Saved entries:
────

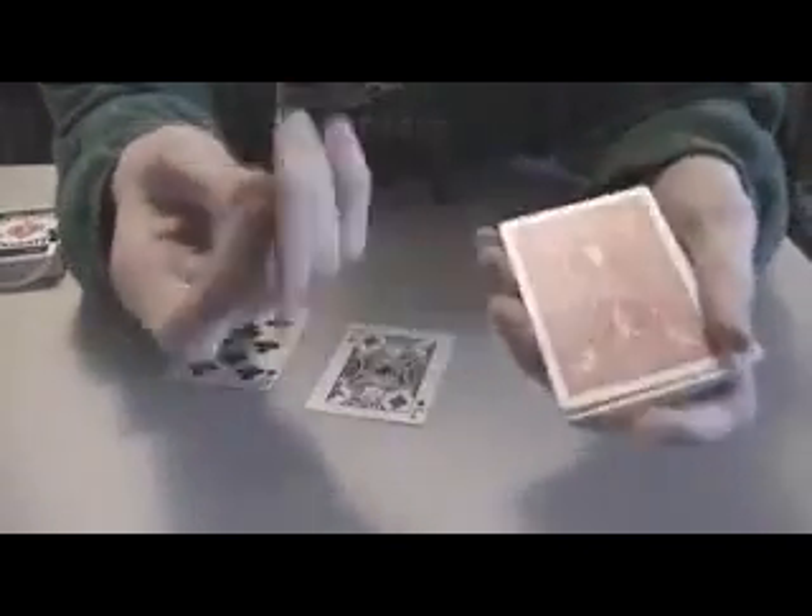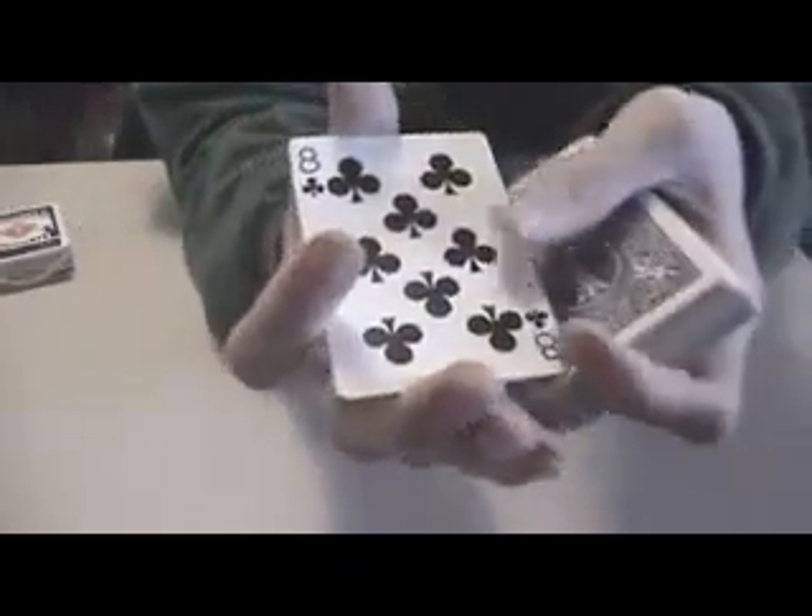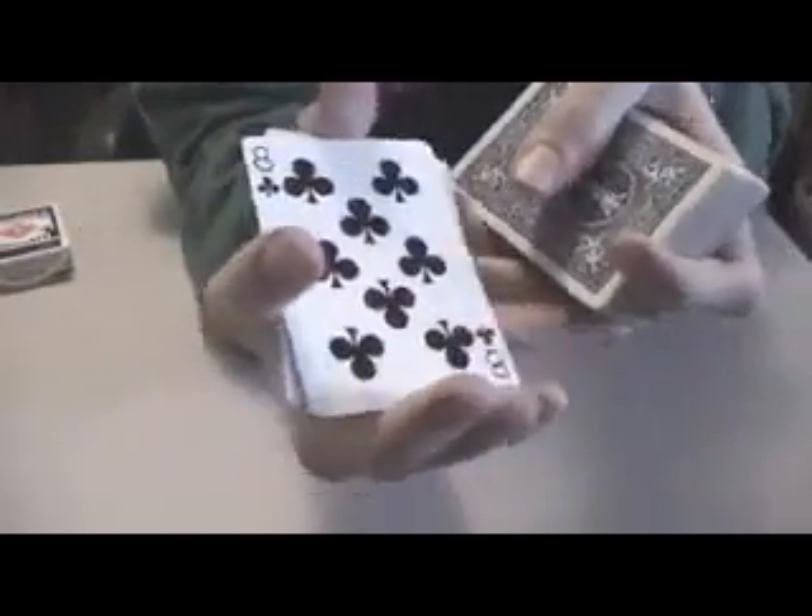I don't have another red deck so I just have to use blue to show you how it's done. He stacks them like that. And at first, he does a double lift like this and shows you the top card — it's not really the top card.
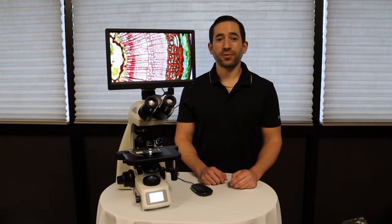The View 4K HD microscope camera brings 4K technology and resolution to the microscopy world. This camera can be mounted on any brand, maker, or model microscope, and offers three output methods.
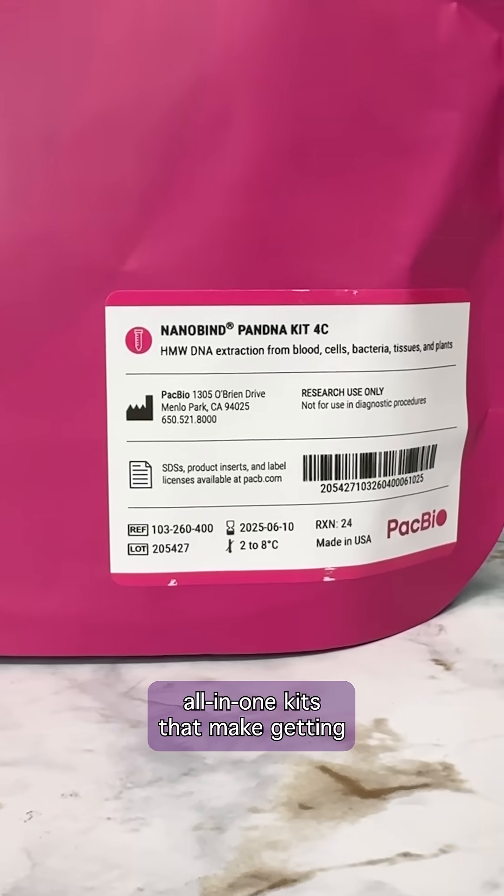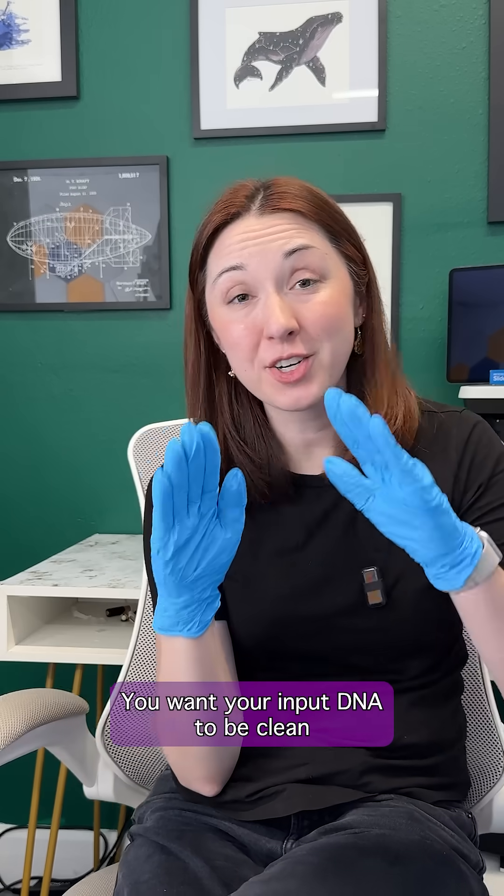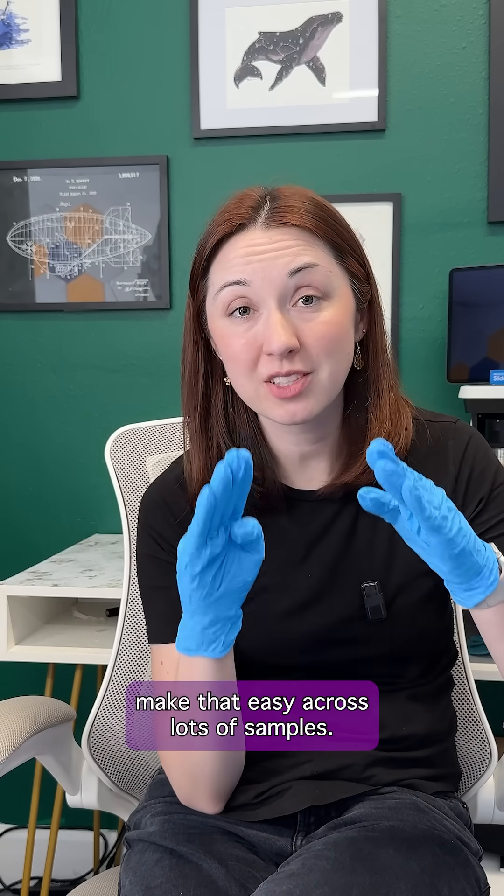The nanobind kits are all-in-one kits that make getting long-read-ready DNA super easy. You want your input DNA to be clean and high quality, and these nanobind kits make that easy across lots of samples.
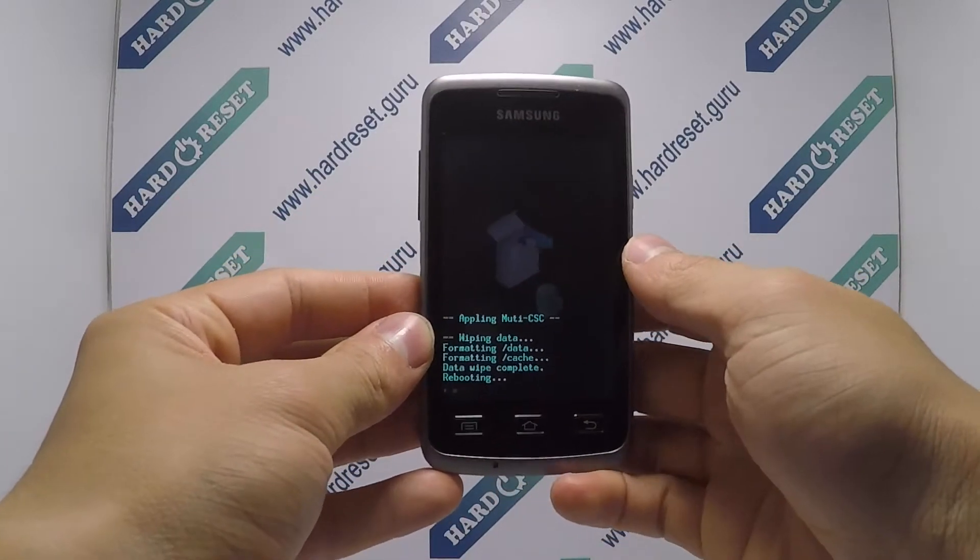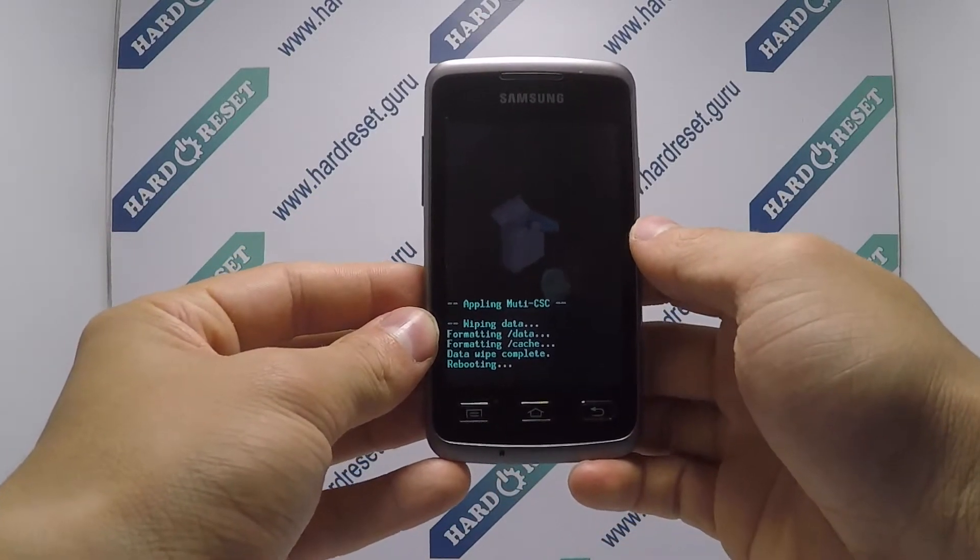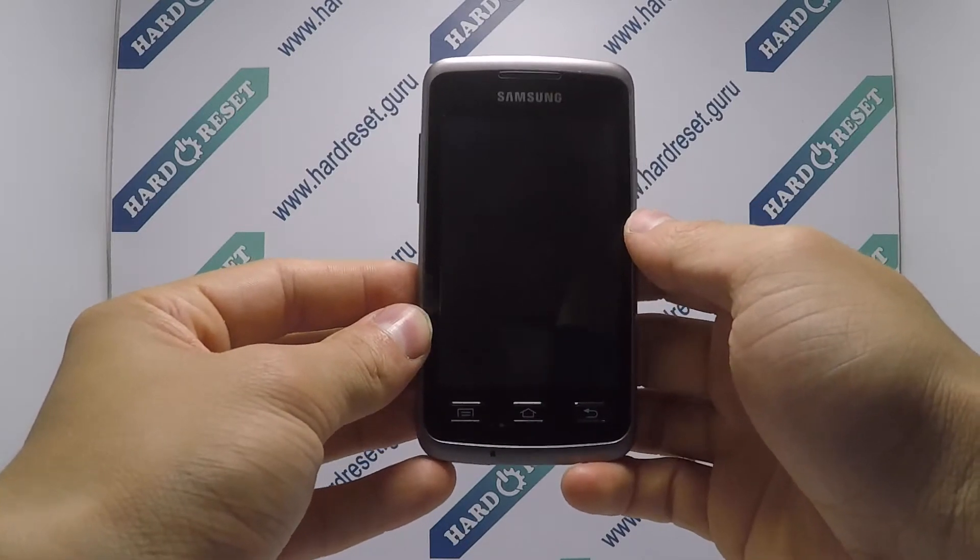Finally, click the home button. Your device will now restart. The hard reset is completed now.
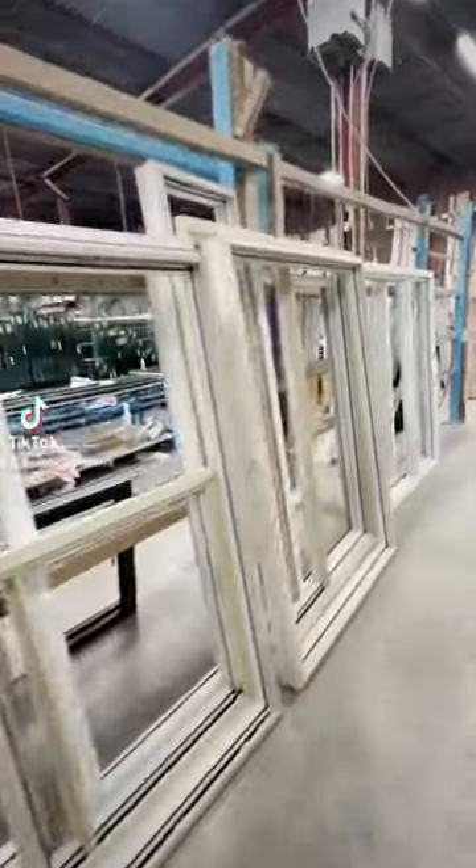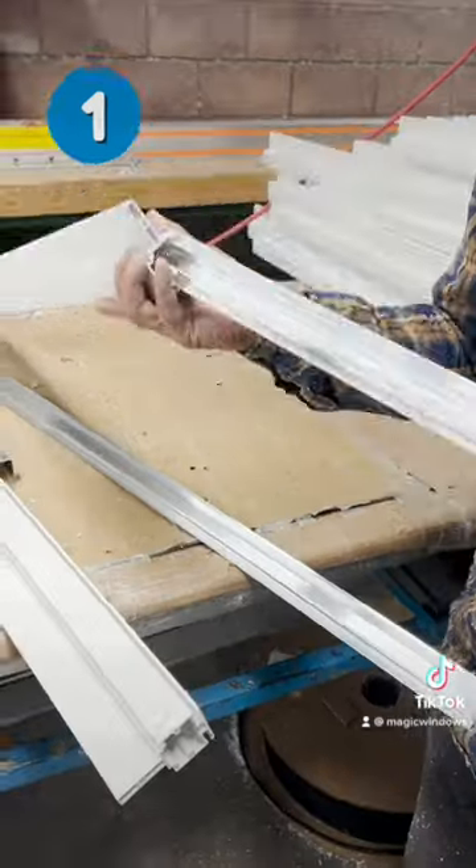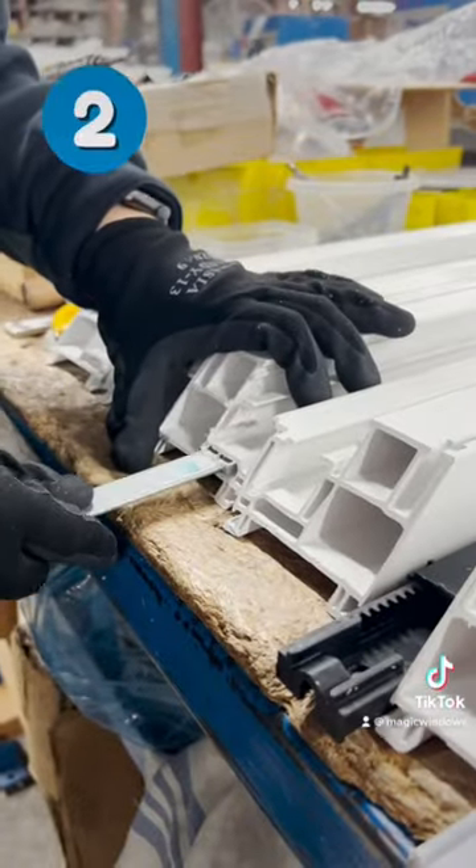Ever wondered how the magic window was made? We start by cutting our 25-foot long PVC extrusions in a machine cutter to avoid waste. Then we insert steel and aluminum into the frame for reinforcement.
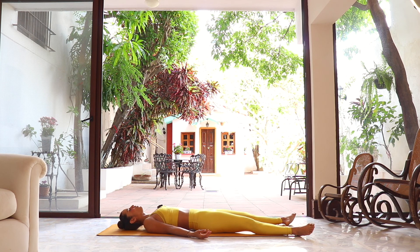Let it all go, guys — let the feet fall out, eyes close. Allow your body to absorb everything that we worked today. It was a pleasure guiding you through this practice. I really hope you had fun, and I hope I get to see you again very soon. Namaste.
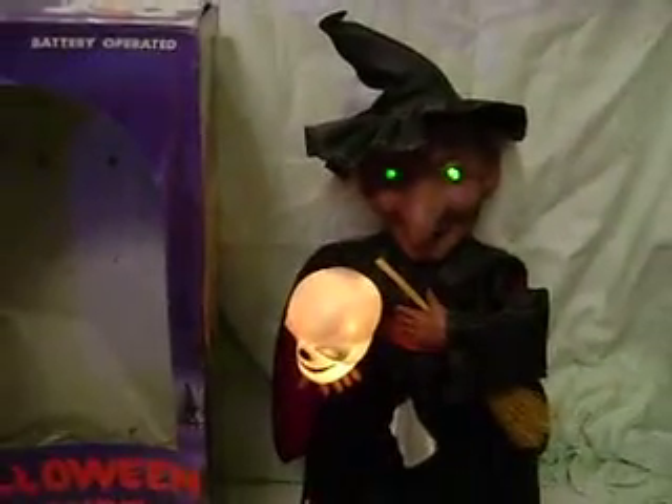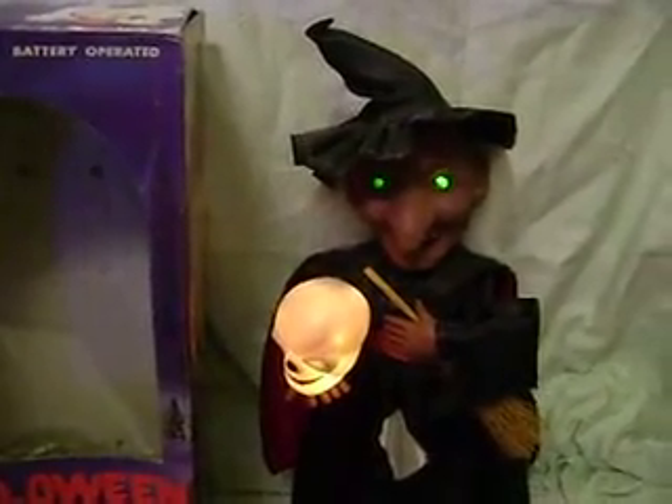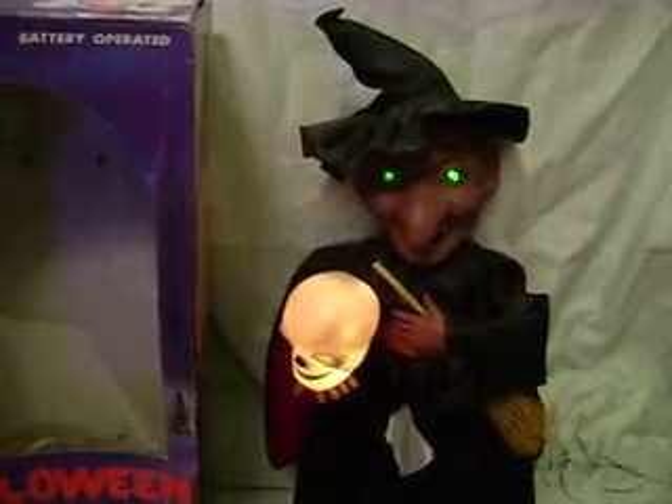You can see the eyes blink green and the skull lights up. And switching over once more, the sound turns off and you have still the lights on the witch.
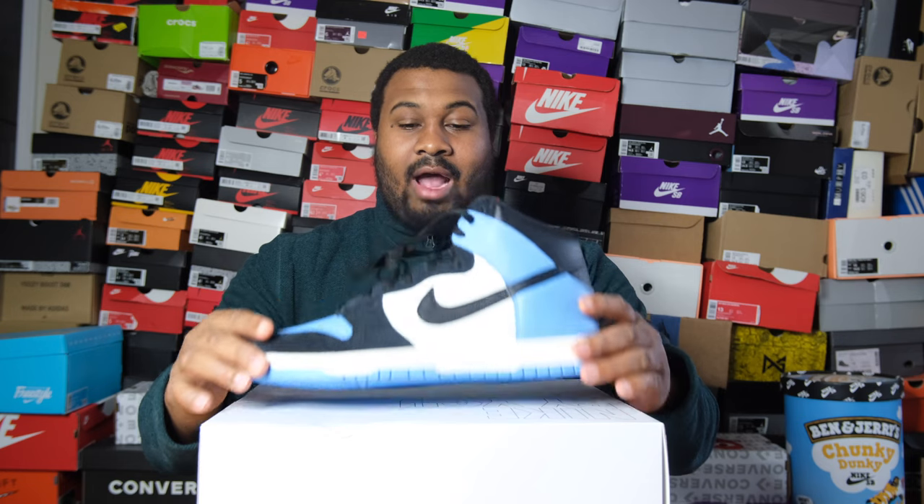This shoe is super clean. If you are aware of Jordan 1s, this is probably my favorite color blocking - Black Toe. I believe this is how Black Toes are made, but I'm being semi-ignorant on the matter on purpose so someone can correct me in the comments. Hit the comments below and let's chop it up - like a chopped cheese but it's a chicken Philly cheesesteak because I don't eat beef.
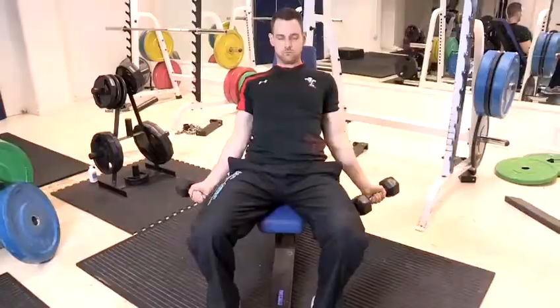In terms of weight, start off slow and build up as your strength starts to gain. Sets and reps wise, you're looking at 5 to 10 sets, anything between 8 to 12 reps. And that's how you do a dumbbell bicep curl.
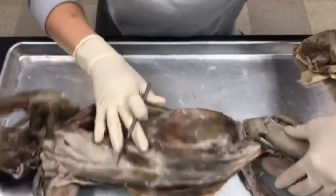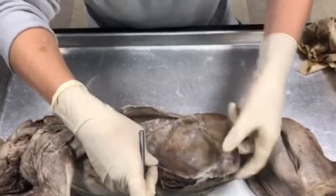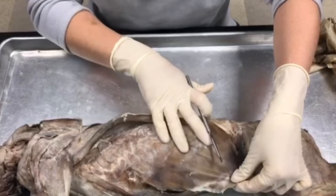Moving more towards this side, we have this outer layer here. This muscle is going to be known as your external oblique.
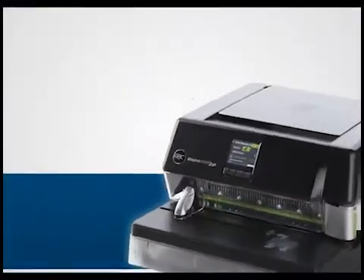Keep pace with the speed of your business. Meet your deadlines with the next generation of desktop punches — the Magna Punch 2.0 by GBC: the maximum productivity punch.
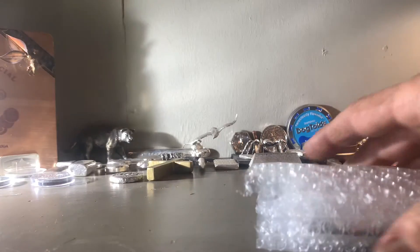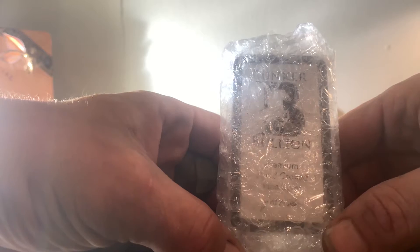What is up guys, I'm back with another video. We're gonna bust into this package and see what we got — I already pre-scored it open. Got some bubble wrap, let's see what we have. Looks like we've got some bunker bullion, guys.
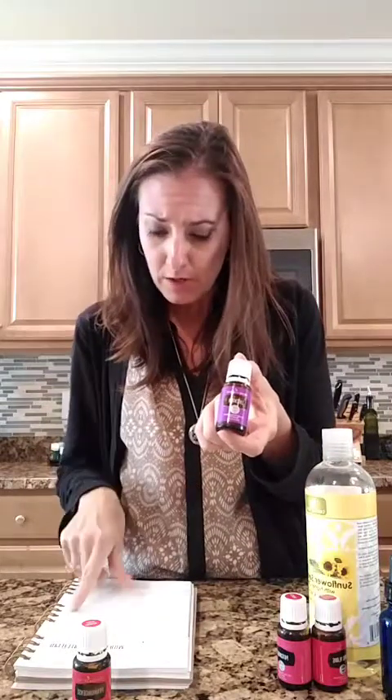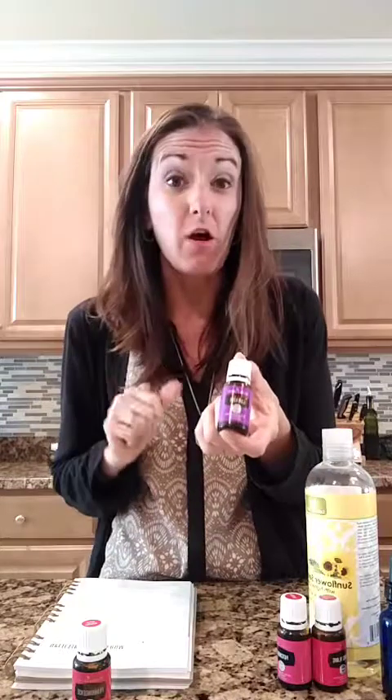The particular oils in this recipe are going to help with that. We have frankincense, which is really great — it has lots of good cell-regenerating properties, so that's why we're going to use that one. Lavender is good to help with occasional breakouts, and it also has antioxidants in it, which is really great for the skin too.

────

AIM OF THE EXERCISE: What you return must match the lines above from the one with "You can see" through the one with "What is up guys, I'm" exactly, with both ends included and the pictures excluded.

WRITTEN RESPONSE:
You can see the eyes blink green and the skull lights up. And switching over once more, the sound turns off and you have still the lights on the witch.
This shoe is super clean. If you are aware of Jordan 1s, this is probably my favorite color blocking - Black Toe. I believe this is how Black Toes are made, but I'm being semi-ignorant on the matter on purpose so someone can correct me in the comments. Hit the comments below and let's chop it up - like a chopped cheese but it's a chicken Philly cheesesteak because I don't eat beef.
In terms of weight, start off slow and build up as your strength starts to gain. Sets and reps wise, you're looking at 5 to 10 sets, anything between 8 to 12 reps. And that's how you do a dumbbell bicep curl.
Moving more towards this side, we have this outer layer here. This muscle is going to be known as your external oblique.
Keep pace with the speed of your business. Meet your deadlines with the next generation of desktop punches — the Magna Punch 2.0 by GBC: the maximum productivity punch.
What is up guys, I'm back with another video. We're gonna bust into this package and see what we got — I already pre-scored it open. Got some bubble wrap, let's see what we have. Looks like we've got some bunker bullion, guys.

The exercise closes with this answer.